__Task details__. Copy the entries that appear below in full, leaving out any picture among them.

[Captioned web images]
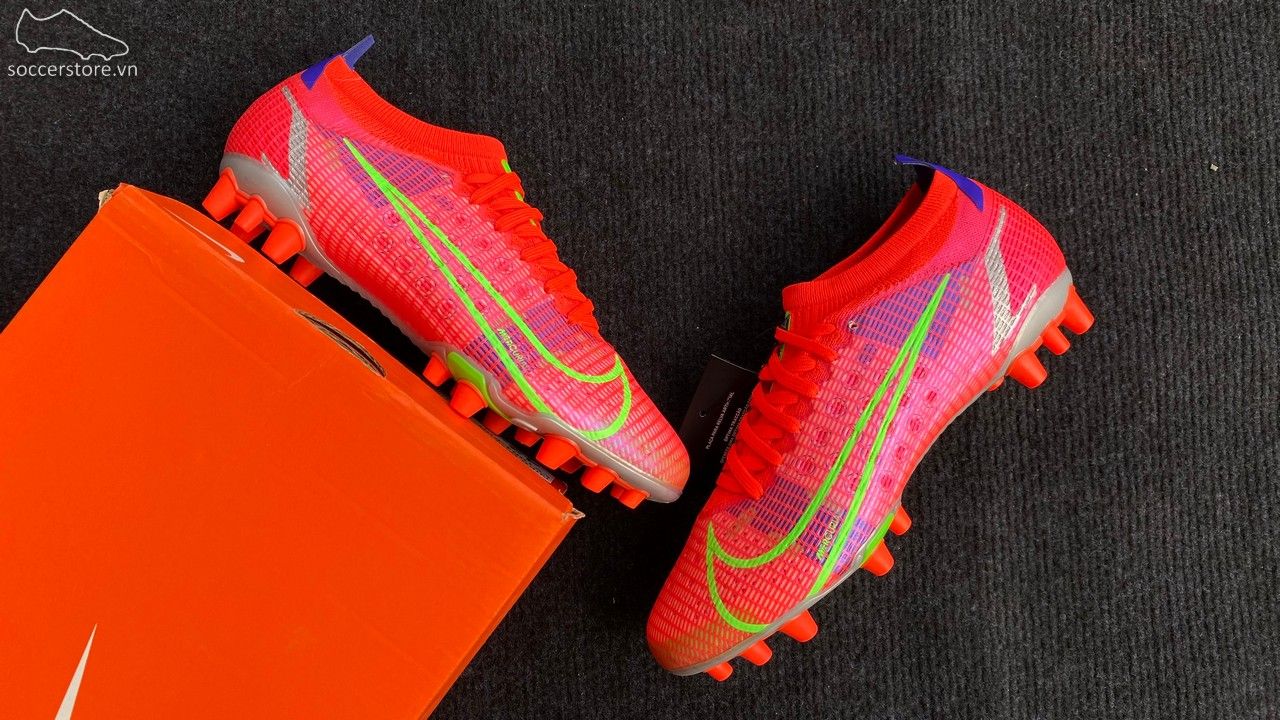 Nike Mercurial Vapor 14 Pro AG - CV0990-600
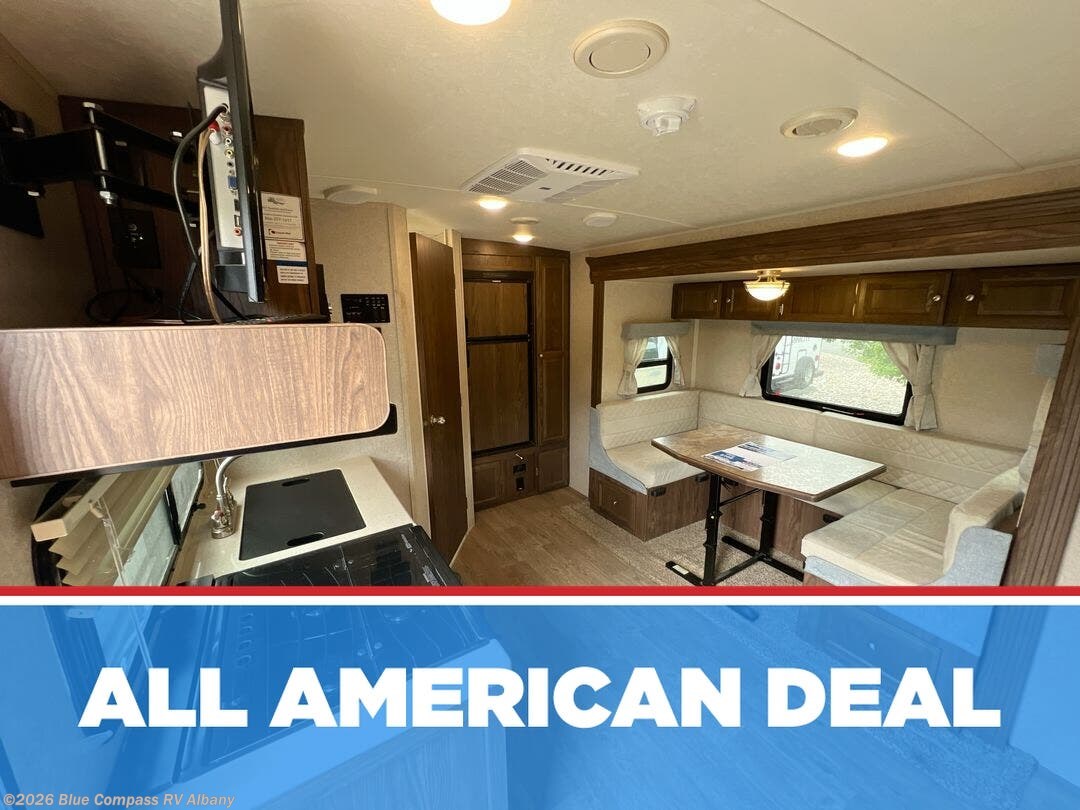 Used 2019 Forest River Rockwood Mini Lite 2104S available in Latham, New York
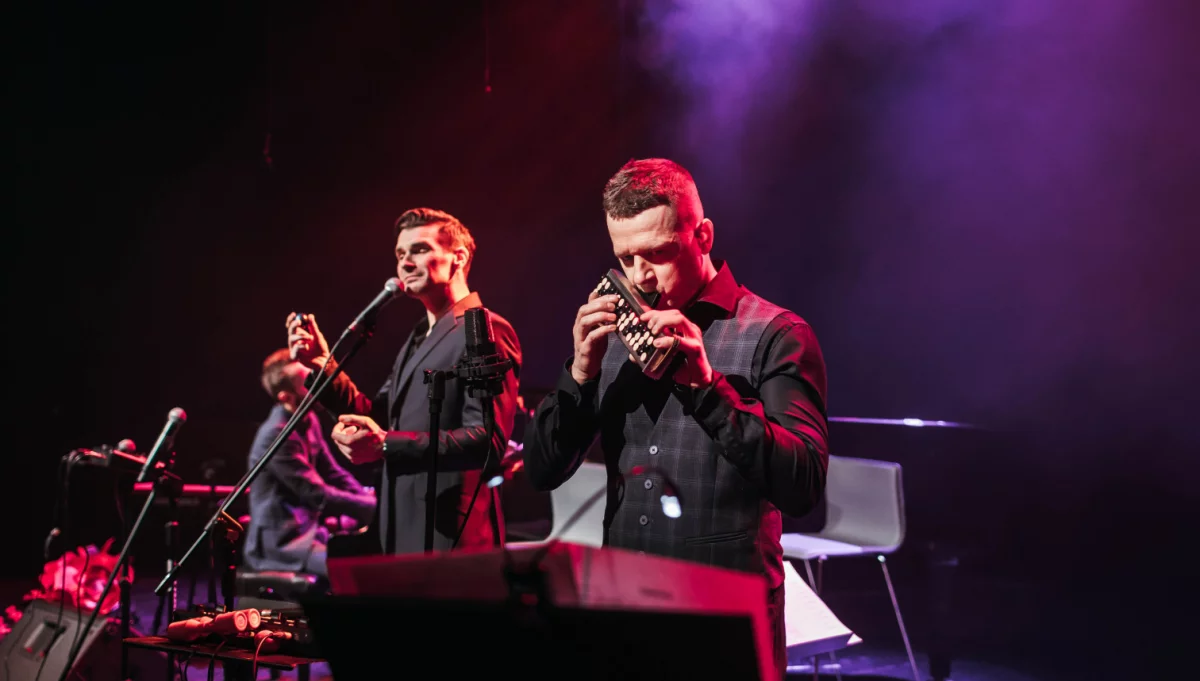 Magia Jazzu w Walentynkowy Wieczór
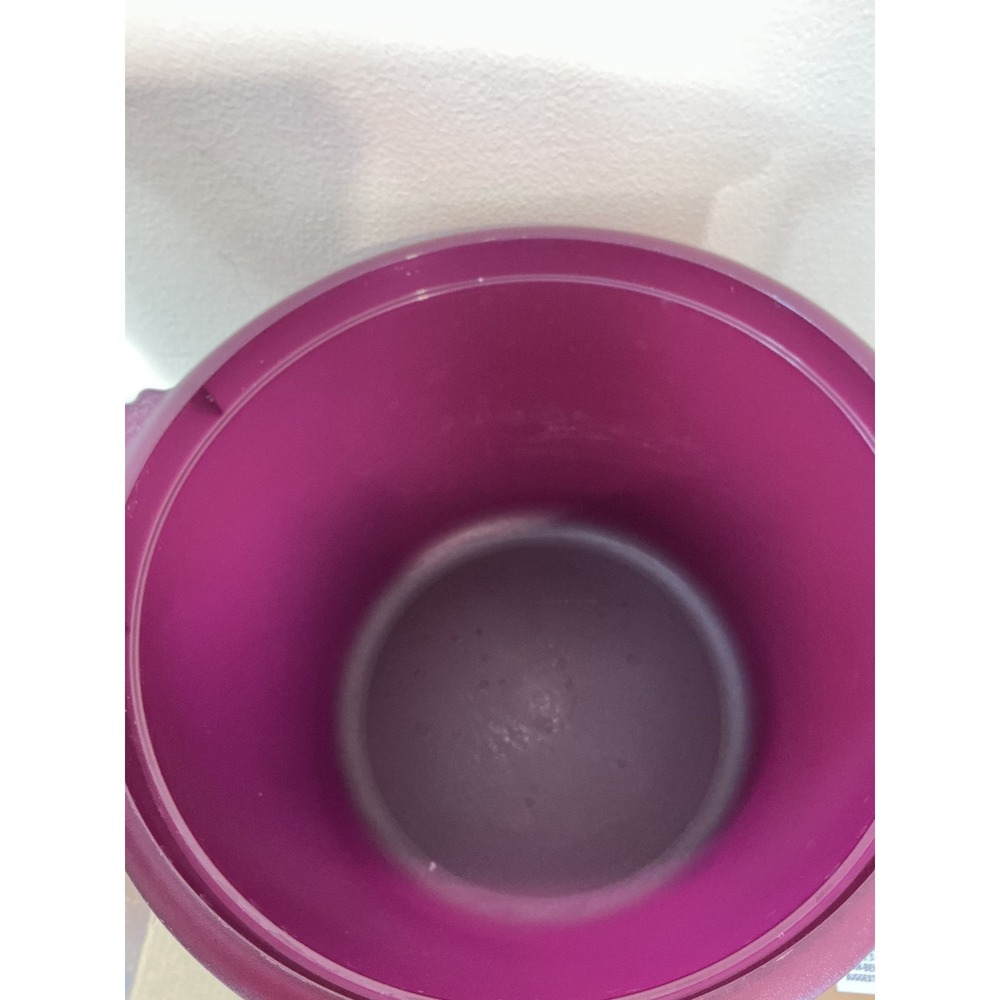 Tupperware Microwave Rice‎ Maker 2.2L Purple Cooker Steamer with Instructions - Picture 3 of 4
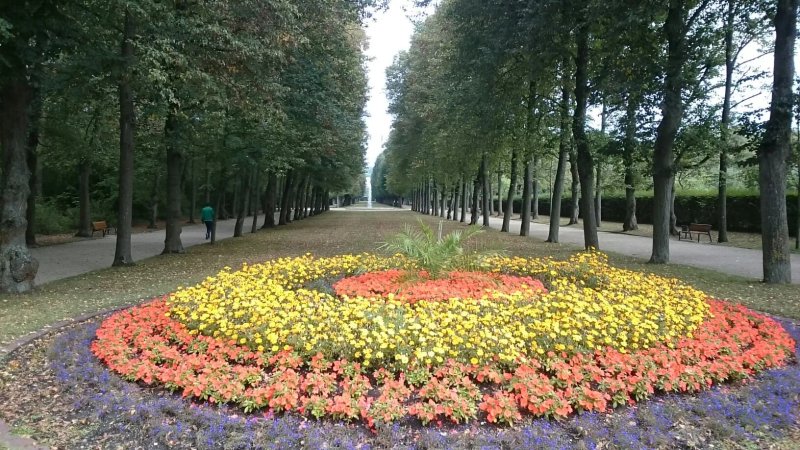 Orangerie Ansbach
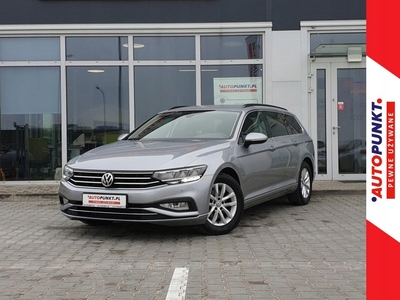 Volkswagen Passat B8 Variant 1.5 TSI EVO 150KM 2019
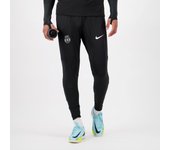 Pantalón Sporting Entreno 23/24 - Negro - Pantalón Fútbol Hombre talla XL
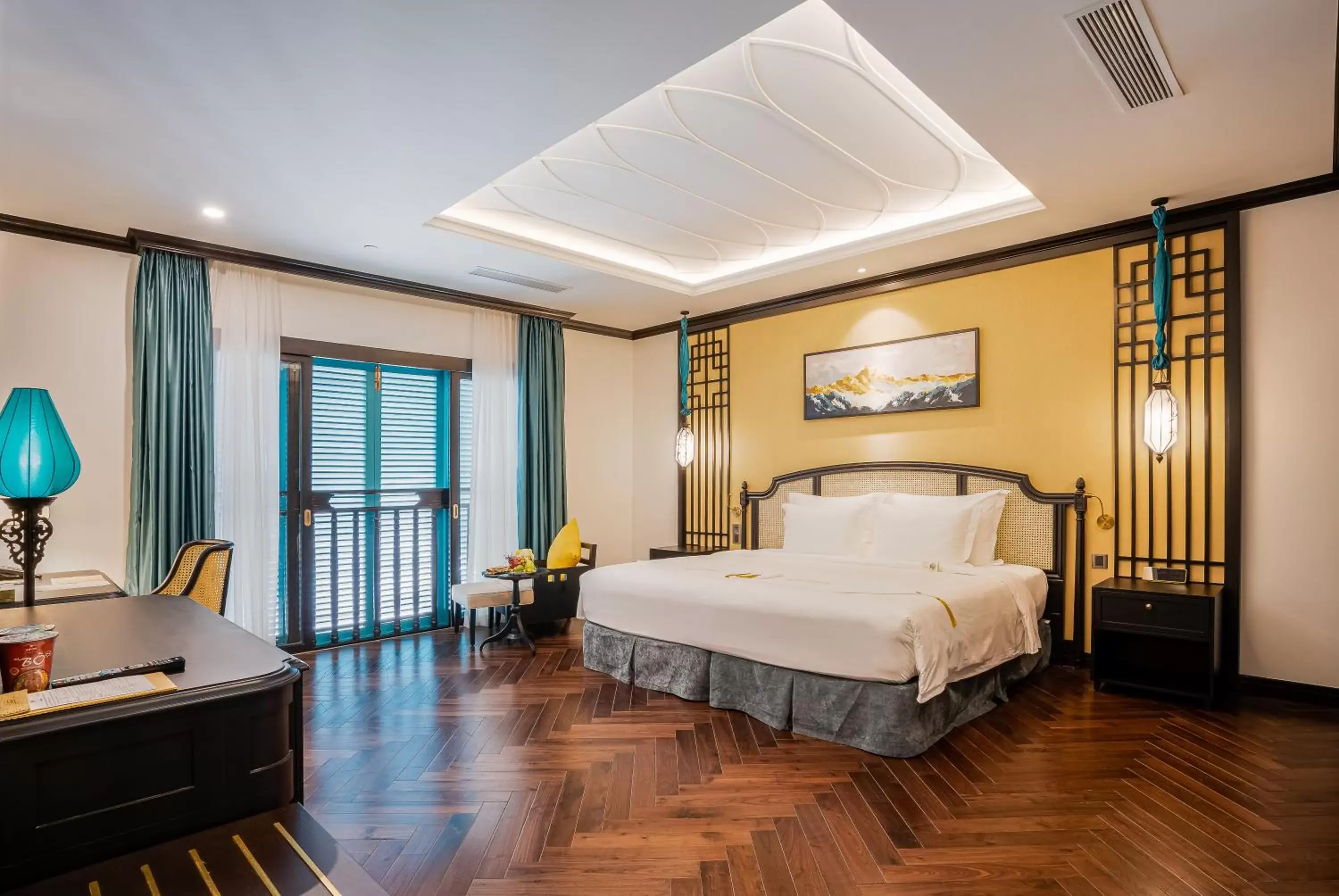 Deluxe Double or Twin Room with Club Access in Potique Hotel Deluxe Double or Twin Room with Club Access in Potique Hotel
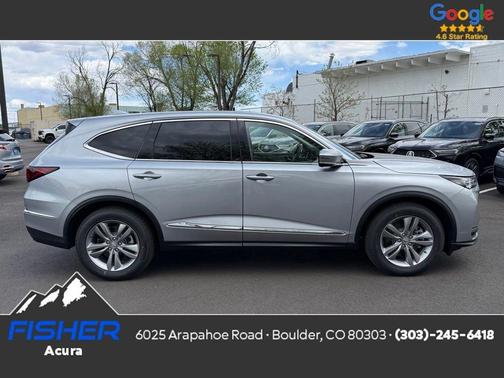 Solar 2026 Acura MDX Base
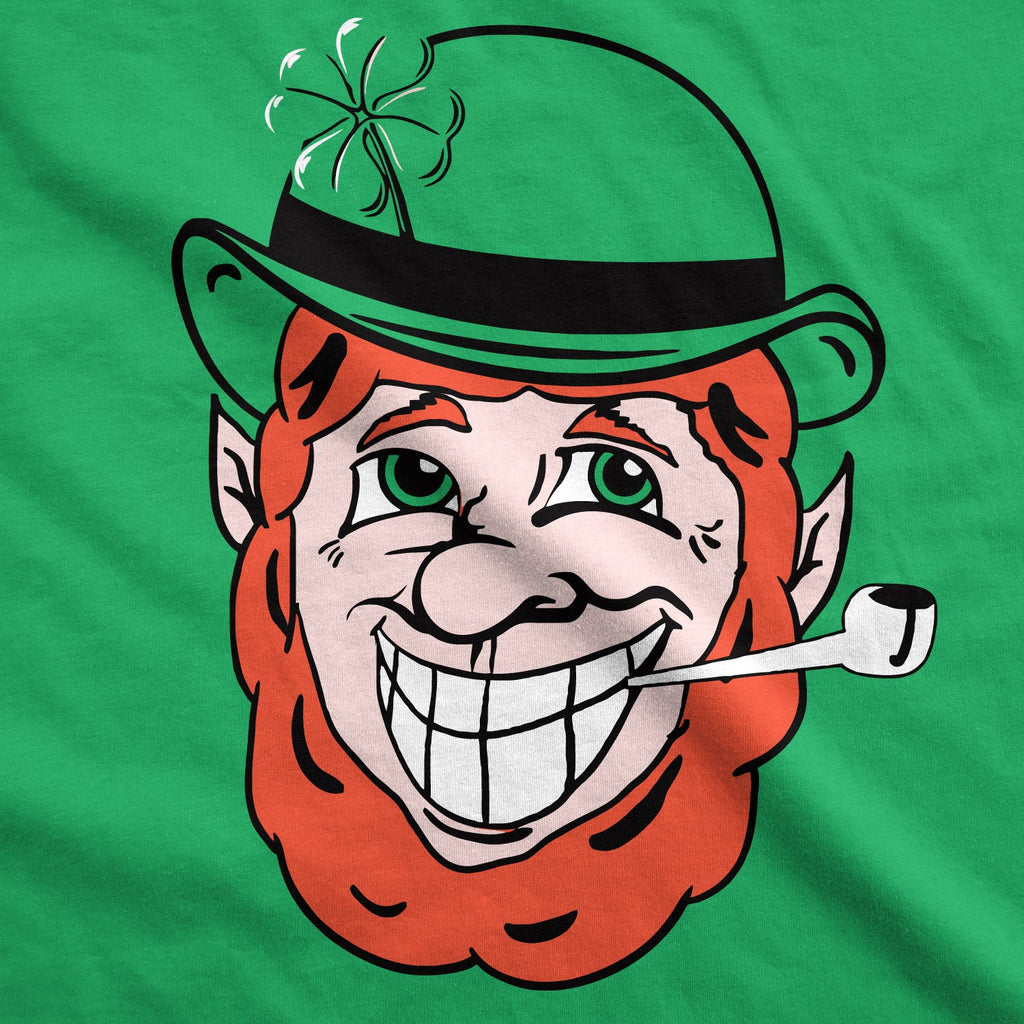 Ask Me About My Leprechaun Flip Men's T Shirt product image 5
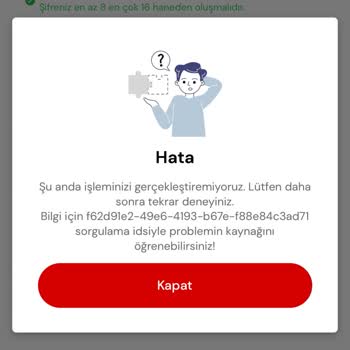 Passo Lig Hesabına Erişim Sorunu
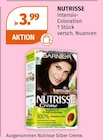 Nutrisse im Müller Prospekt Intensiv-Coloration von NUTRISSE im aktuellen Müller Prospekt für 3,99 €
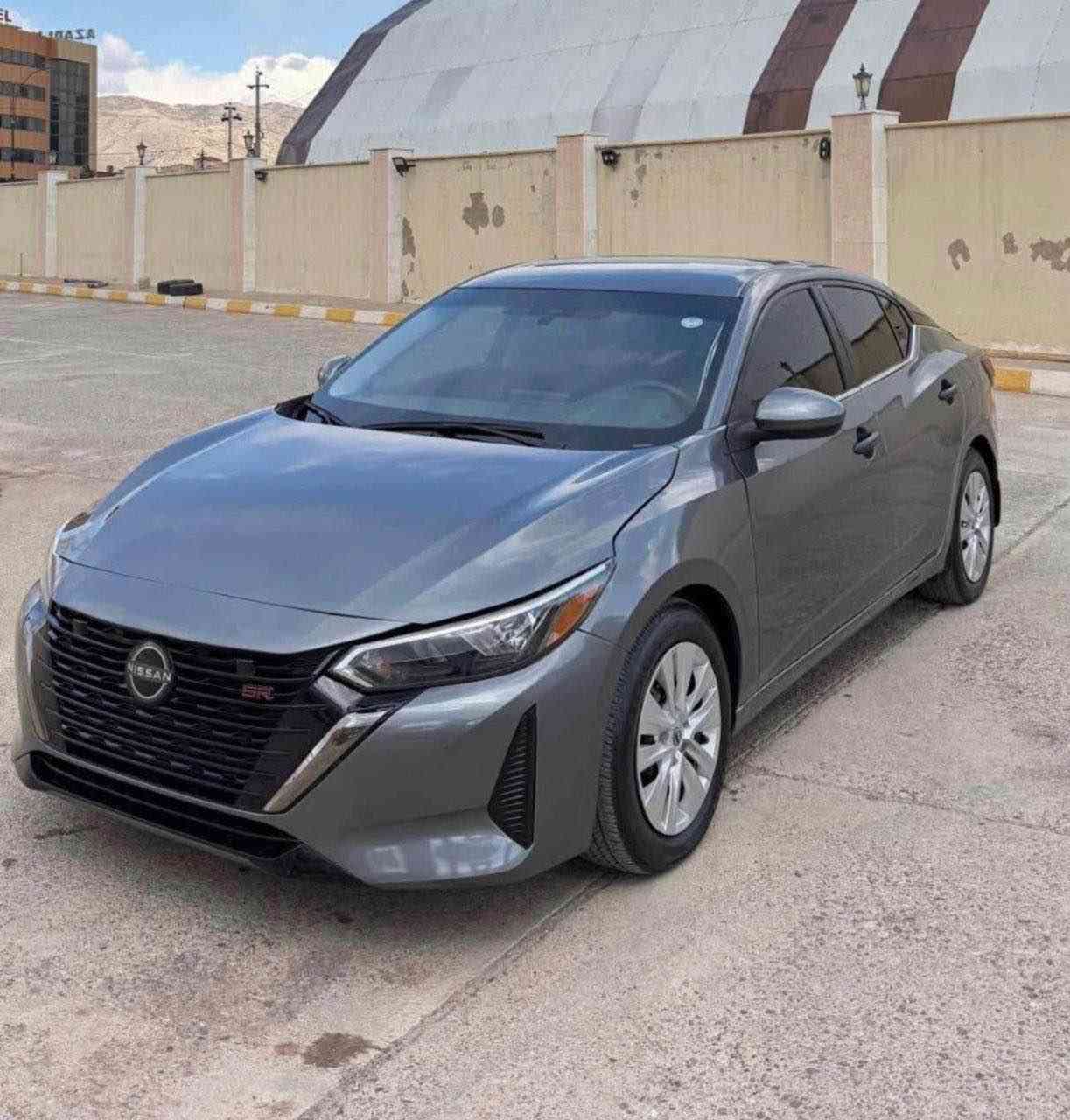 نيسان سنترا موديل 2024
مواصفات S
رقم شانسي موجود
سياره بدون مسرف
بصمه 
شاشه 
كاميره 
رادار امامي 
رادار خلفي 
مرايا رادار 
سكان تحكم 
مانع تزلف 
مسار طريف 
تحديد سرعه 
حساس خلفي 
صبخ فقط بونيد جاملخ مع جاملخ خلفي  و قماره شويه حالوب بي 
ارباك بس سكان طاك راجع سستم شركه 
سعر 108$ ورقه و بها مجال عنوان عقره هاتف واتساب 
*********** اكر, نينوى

__Reply__.
 Nike Mercurial Vapor 14 Pro AG - CV0990-600
 Used 2019 Forest River Rockwood Mini Lite 2104S available in Latham, New York
 Magia Jazzu w Walentynkowy Wieczór
 Tupperware Microwave Rice‎ Maker 2.2L Purple Cooker Steamer with Instructions - Picture 3 of 4
 Orangerie Ansbach
 Volkswagen Passat B8 Variant 1.5 TSI EVO 150KM 2019
 Pantalón Sporting Entreno 23/24 - Negro - Pantalón Fútbol Hombre talla XL
 Deluxe Double or Twin Room with Club Access in Potique Hotel Deluxe Double or Twin Room with Club Access in Potique Hotel
 Solar 2026 Acura MDX Base
 Ask Me About My Leprechaun Flip Men's T Shirt product image 5
 Passo Lig Hesabına Erişim Sorunu
 Nutrisse im Müller Prospekt Intensiv-Coloration von NUTRISSE im aktuellen Müller Prospekt für 3,99 €
 نيسان سنترا موديل 2024
مواصفات S
رقم شانسي موجود
سياره بدون مسرف
بصمه 
شاشه 
كاميره 
رادار امامي 
رادار خلفي 
مرايا رادار 
سكان تحكم 
مانع تزلف 
مسار طريف 
تحديد سرعه 
حساس خلفي 
صبخ فقط بونيد جاملخ مع جاملخ خلفي  و قماره شويه حالوب بي 
ارباك بس سكان طاك راجع سستم شركه 
سعر 108$ ورقه و بها مجال عنوان عقره هاتف واتساب 
*********** اكر, نينوى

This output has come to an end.